Data partitioning into train, test, and validation sets, cross validation, ... not only  partition the data, also take into account it's distribution, parallelization...

TODO: Perhaps use tensorflow dataset...

In [None]:
def splitter(
    context: MLClientCtx,
    features: DataItem,
    labels: DataItem,
    target_path: str = "",
    test_size: float = 0.1,
    train_val_split: float = 0.75,
    random_state: int = 1,
    sample: int = -1
) -> None:
    """Split raw data into train, validation and test sets.
    
    The file loaded at this stage is the raw data file that has been
    downloaded in a previous step (as a parquet file).  Here it is read
    and split into train, validation and test sets. The context is 
    updated with the target_path.
    
    context: The `context`.
    :param target: Data storage location.
    :param src: (default "original"). Location of original parquet file.
    :param test_size: (defaults=0.1) Set test set size, and leave the
            remainder for the second split into train and validation sets.
    :param train_val_split: (defaults=0.75) Once the test set has been
            removed the training set gets this proportion.
    :param random_state: (default 1). Seed used by the scikit-learn random
            number generator in the method train_test_split.
    :param sample: (default -1, all rows). Selects the first n rows, or
            select a sample. Check the balance of resulting sets if
            using the random sample option. Use this feature to explore the
            system or for debugging.
            
    Outputs
        The following outputs are saved at the target path:
        xtrain, ytrain (Tuple[pd.DataFrame, pd.DataFrame]): Training set.
        xvalid, yvalid (Tuple[pd.DataFrame, pd.DataFrame]): Validation set.
        xtest, ytest (Tuple[pd.DataFrame, pd.DataFrame]): Test set.
    """
    
    filepath = path.join(target_path, src)
    features = get_context_table(features)
    labels = get_context_table(labels
    
    # split twice to get training, validation and test sets.
    context.logger.info("splitting into train-valid-test data sets")
    x, xtest, y, ytest = train_test_split(features
                                          labels, 
                                          train_size=1-test_size, 
                                          test_size=test_size, 
                                          random_state=random_state)
    
    xtrain, xvalid, ytrain, yvalid = train_test_split(x, 
                                                      y, 
                                                      train_size=train_val_split, 
                                                      test_size=1-train_val_split,
                                                      random_state=random_state)    
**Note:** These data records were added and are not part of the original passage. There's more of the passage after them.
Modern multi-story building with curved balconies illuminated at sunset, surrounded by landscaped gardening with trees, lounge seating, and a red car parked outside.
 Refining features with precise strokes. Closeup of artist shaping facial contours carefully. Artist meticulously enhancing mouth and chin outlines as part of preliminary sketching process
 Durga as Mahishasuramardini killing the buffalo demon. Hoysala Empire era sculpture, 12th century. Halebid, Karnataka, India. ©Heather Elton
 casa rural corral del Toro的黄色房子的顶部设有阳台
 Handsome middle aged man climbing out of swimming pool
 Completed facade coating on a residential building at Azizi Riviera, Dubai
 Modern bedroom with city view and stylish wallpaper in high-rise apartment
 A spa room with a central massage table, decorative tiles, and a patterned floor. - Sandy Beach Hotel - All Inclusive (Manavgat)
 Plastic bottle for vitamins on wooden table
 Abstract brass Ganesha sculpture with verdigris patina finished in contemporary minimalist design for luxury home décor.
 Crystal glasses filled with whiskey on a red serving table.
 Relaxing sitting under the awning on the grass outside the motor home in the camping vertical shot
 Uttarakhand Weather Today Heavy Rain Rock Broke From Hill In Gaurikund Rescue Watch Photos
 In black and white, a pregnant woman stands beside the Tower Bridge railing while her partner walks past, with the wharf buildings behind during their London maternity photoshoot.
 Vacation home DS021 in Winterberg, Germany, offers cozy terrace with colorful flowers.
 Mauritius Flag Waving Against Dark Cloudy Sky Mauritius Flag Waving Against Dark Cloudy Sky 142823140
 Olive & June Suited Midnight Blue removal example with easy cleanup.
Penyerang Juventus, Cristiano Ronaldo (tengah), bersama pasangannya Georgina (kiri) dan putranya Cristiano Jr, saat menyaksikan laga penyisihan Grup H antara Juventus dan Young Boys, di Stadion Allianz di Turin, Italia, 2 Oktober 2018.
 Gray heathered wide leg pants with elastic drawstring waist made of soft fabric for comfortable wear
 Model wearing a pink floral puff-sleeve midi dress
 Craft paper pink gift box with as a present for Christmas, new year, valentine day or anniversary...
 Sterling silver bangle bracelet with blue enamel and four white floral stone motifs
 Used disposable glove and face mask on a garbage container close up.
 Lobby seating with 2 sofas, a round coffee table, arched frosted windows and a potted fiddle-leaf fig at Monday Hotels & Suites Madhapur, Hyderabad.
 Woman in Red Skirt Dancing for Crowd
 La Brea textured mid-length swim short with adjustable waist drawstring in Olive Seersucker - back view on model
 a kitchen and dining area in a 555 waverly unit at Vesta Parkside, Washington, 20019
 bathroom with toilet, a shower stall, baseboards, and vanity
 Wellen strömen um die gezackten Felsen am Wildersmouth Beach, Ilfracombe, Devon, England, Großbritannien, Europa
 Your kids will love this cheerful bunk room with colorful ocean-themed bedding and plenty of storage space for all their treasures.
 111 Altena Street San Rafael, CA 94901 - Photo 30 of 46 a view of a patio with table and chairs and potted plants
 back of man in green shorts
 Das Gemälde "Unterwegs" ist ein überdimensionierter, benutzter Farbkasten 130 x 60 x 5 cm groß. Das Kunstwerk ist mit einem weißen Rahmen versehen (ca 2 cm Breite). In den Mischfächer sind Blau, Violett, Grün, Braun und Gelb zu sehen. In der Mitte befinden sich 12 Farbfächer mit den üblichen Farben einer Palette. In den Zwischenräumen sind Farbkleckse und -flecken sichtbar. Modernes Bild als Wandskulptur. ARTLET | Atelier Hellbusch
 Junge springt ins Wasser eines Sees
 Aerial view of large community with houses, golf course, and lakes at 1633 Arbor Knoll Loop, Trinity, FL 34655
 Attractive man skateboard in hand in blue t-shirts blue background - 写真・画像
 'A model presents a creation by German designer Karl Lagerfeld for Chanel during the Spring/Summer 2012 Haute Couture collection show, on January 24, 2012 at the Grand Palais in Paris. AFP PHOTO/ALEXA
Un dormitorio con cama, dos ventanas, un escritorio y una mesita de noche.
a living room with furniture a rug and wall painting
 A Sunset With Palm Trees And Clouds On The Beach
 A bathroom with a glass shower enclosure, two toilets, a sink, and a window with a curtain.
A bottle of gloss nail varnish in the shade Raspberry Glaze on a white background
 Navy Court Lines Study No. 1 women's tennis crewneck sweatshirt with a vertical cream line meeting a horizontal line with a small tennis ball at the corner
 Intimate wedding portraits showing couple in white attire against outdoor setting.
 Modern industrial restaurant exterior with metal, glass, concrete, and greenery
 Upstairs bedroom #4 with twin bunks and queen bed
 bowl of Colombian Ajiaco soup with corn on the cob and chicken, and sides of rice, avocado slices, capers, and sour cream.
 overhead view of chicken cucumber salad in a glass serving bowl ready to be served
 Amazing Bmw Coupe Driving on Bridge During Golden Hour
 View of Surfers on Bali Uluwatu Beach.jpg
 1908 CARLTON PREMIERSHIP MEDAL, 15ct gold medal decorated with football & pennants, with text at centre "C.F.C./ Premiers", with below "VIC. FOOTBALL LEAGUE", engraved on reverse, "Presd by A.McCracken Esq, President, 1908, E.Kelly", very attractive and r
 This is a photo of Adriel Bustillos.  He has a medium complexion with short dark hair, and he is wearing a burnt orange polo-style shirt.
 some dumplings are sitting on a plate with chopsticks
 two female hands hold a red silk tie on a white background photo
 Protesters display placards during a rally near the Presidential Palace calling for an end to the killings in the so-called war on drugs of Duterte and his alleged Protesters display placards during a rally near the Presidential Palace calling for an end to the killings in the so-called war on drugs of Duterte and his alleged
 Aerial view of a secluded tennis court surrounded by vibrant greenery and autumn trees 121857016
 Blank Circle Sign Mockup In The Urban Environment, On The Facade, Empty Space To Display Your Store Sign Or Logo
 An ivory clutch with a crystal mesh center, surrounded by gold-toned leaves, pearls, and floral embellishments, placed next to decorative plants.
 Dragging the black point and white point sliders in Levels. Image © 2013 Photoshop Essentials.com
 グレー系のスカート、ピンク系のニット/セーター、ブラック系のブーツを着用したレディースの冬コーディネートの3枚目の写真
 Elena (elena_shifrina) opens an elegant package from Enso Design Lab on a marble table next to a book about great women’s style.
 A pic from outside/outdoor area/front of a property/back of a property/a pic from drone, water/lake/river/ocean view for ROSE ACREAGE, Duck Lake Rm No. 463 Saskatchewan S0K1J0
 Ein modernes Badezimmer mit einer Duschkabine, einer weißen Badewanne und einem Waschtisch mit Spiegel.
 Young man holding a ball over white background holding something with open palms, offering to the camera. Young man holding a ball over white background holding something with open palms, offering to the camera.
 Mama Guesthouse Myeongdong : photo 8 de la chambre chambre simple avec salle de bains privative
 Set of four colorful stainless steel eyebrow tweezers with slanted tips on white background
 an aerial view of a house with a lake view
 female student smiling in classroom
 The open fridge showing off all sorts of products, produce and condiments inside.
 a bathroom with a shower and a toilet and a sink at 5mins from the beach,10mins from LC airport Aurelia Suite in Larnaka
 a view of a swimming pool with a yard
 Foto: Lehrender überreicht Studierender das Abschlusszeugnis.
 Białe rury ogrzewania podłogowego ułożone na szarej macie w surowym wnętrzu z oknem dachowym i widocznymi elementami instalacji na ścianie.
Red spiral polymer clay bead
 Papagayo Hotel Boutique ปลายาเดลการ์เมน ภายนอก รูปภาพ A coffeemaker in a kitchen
    # save and log all the intermediate tables
    log_context_table(context, target_path, "xtrain.parquet", xtrain)
    log_context_table(context, target_path, "xvalid.parquet", xvalid)
    log_context_table(context, target_path, "xtest.parquet", xtest)
    log_context_table(context, target_path, "ytrain.parquet", pd.DataFrame({"labels":ytrain}))
    log_context_table(context, target_path, "yvalid.parquet", pd.DataFrame({"labels":yvalid}))
    log_context_table(context, target_path, "ytest.parquet", pd.DataFrame({"labels":ytest}))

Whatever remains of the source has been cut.